Einde inhoudsopgave
Kaderwet dienstplicht
Artikel 60 Omzetting vrijgestelden
Geldend
Geldend vanaf 01-01-2020
- Bronpublicatie:
03-10-2018, Stb. 2019, 160 (uitgifte: 25-04-2019, kamerstukken: 34764)
- Inwerkingtreding
01-01-2020
- Bronpublicatie inwerkingtreding:
13-05-2019, Stb. 2019, 234 (uitgifte: 28-06-2019, kamerstukken/regelingnummer: -)
- Overige regelgevende instantie(s)
Ministerie van Defensie
- Vakgebied(en)
Ambtenarenrecht / Bijzondere onderwerpen
1.
Degene aan wie op grond van:
- a.
artikel 15, eerste lid, onderdelen a, c of d, van de Dienstplichtwet zoals luidend voor inwerkingtreding van deze wet een voorgoed verleende vrijstelling is of wordt verleend, wordt overeenkomstig de bepalingen van deze wet aangemerkt als dienstplichtige in het genot van een voorgoed verleende vrijstelling;
- b.
artikel 15, eerste lid, onderdelen b of e, van de Dienstplichtwet zoals luidend voor inwerkingtreding van deze wet een voorgoed verleende vrijstelling is of wordt verleend, wordt overeenkomstig de bepalingen van deze wet aangemerkt als dienstplichtige in het genot van een voorgoed verleende ontheffing.
2.
Degene aan wie op het tijdstip van inwerkingtreding van deze wet op grond van:
- a.
artikel 15, eerste lid, onderdelen a, c of d, van de Dienstplichtwet een tijdelijke vrijstelling is verleend, wordt na afloop van de duur van deze vrijstelling overeenkomstig de bepalingen van deze wet aangemerkt als dienstplichtige in het genot van een voorgoed verleende vrijstelling;
- b.
artikel 15, eerste lid, onderdelen b of e, van de Dienstplichtwet een tijdelijke vrijstelling is verleend, wordt na afloop van de duur van deze vrijstelling overeenkomstig de bepalingen van deze wet aangemerkt als dienstplichtige in het genot van een voorgoed verleende ontheffing.
3.
De op het tijdstip van inwerkingtreding van deze wet ingediende doch nog niet afgedane aanvragen om vrijstelling worden overeenkomstig de bepalingen van de Dienstplichtwet zoals luidend voor inwerkingtreding van deze wet verder behandeld en afgedaan, met dien verstande dat in afwijking van artikel 15, derde lid, eerste volzin, van de Dienstplichtwet aanvragen om vrijstelling wegens kostwinnerschap, persoonlijke onmisbaarheid of het bekleden van een geestelijk ambt of een godsdienstig-menslievend ambt of opleiding tot zodanig ambt voorgoed worden verleend.
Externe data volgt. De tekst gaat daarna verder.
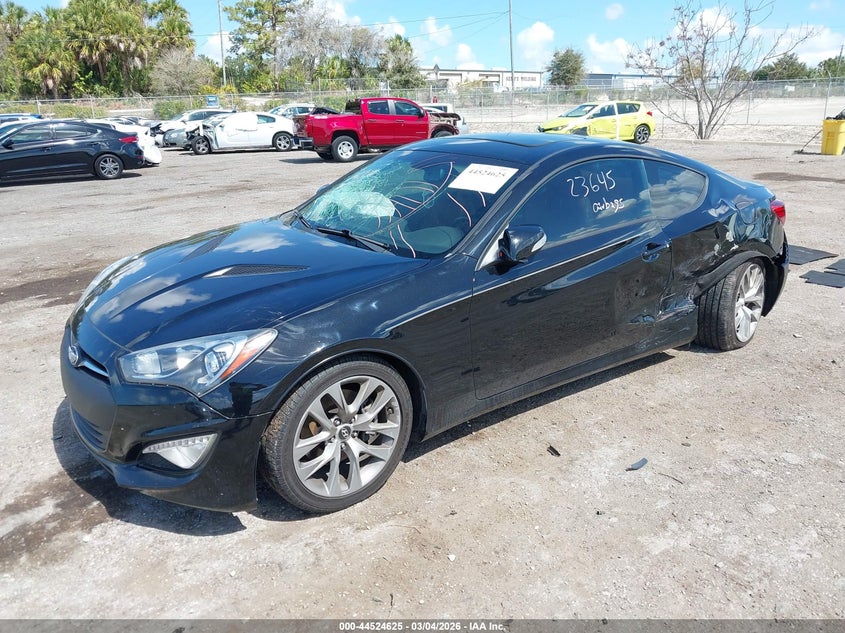 2014 Hyundai Genesis 3.8 Grand Touring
De eerste volzin is van overeenkomstige toepassing op de door de dienstplichtigen, bedoeld in artikel 62, eerste lid, ingediende aanvragen om vrijstelling.
4.
Dienstplichtigen in het genot van een voorgoed verleende vrijstelling dan wel in het genot van een voorgoed verleende ontheffing als bedoeld in het eerste en tweede lid kunnen door Onze Minister uitsluitend in buitengewone omstandigheden worden opgeroepen. Deze verplichting gevolg te geven aan de oproeping blijft op hen rusten tot 1 oktober van het jaar waarin de leeftijd van 35 jaar wordt bereikt. Op degene aan wie op grond van artikel 15, eerste lid, onder c, van de Dienstplichtwet zoals luidend voor inwerkingtreding van deze wet, vrijstelling is verleend, zijn de eerste en de tweede volzin slechts van toepassing, indien bij de oproeping in buitengewone omstandigheden is gebleken dat betrokkene niet meer verkeert in de omstandigheid waarvoor betrokkene ingevolge die wet vrijstelling is verleend.
5.
Overeenkomstig artikel 6 kunnen zij opnieuw worden opgeroepen voor een keuring.